TASK TO COMPLETE >>
Each line of the entries, from the first to the line containing "Santa Hat Dog", is to be transcribed exactly as it stands; include no other lines.

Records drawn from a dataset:

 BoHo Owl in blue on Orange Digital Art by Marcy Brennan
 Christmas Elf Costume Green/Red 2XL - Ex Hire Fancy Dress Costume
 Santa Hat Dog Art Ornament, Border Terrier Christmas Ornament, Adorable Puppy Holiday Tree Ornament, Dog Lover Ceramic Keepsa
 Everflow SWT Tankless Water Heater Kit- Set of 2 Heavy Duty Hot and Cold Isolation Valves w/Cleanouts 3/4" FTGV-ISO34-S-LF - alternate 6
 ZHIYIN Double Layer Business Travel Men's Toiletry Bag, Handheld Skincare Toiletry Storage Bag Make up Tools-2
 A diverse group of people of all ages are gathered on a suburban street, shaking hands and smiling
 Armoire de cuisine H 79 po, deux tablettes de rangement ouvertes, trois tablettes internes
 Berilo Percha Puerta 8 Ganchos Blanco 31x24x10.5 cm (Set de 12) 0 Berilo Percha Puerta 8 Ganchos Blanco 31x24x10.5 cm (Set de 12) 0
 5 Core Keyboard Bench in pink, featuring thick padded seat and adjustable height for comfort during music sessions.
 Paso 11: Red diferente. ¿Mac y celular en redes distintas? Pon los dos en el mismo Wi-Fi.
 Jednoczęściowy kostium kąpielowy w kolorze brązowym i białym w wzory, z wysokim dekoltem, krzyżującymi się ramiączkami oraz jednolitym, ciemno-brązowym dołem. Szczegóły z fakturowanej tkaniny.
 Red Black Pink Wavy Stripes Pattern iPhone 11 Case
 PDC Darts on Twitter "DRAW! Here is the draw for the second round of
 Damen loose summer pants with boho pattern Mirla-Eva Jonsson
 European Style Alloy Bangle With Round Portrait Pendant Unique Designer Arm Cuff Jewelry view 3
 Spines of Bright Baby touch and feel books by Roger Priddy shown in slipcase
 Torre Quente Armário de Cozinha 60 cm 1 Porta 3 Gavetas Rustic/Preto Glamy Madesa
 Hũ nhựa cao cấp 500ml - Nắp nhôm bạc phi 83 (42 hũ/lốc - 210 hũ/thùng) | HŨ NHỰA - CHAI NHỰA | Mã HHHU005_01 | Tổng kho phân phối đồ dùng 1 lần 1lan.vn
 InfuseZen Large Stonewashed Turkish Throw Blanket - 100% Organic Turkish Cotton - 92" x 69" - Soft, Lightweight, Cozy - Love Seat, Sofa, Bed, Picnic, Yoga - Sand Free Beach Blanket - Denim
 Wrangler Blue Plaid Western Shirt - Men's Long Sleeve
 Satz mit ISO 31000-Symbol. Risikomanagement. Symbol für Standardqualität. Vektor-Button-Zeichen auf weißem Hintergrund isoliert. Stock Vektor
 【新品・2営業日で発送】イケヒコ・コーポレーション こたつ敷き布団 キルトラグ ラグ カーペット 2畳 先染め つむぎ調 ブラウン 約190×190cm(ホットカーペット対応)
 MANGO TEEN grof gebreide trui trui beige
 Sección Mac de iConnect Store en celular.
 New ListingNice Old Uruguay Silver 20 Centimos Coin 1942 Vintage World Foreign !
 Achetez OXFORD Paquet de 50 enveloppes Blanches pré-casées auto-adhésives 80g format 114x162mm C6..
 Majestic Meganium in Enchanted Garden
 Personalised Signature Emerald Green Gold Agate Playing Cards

TASK SOLUTION >>
 BoHo Owl in blue on Orange Digital Art by Marcy Brennan
 Christmas Elf Costume Green/Red 2XL - Ex Hire Fancy Dress Costume
 Santa Hat Dog Art Ornament, Border Terrier Christmas Ornament, Adorable Puppy Holiday Tree Ornament, Dog Lover Ceramic Keepsa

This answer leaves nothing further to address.